Illustration from 'The Man Who Gave Too Much' |
When I was a child, trespassing meant hopping over the gate on to Farmer So-and-So's land and shooting his birds and was vastly different to sins. You went to hell for those. Or so my imagination told me.
Childhood. What marvellous, fertile ground in which thorns, briars and good seed have an equal chance of successful germination. A friend whom I have never met, but I know, has written a book, one of several as it happens but this one is for children. She is an Oxford English graduate - not one of those whose faces have been screwed and desiccated by criticism of others - instead her use of words is honest, wide-eyed and lyrical, sometimes breathtakingly so. Which is why I say I know her, meaning I respond to her writing with delight as one curious human being to another, almost as a child might.

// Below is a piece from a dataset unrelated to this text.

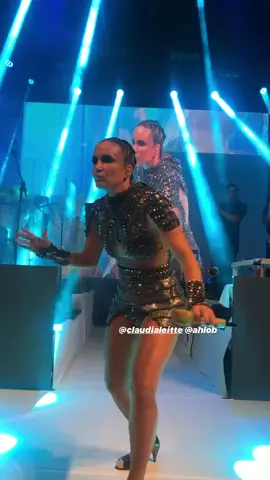 @Claudia Leitte #claudialeitte #rebolaclaudinha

Which is fortunate, since Anita Mathias' new book "Francesco, Artist of Florence" or 'The Man Who Gave Too Much' is a small, poignant testament to goodness. It is "good seed". It takes good people to create other good people and Francesco the Florentine, always selling his beautifully inlaid work at ridiculously low prices, is a good, good man. He has no head for business, he justifies his knockdown prices by all kinds of emotional acrobatics, and worries that his wife will scold him for not making enough money. This little book is about forgiveness, not least in learning how to forgive ourselves. For this reason, children of a certain age, full of misdemeanor and transgression, unless their fundamental goodness is established early and they learn that "forgiveness of trespasses" carries with it a completeness and totality that extends even to their own follies and mistakes, often fail later to practise the delicate but necessary art of forgiving themselves.
This book is a small, beautifully illustrated tool in the hands of an artful, imaginative parent. It should be read aloud to children, talked about, prayed with.
Anita is a master of awe and wonder. The illustrations perfectly complement a little story with the same captivating prose as "The Little Prince" and will be the kind of book that will remain on a child's shelf, like a favorite stuffed toy, and when they are grown , they will read it again to a new, wide-eyed and curious little person.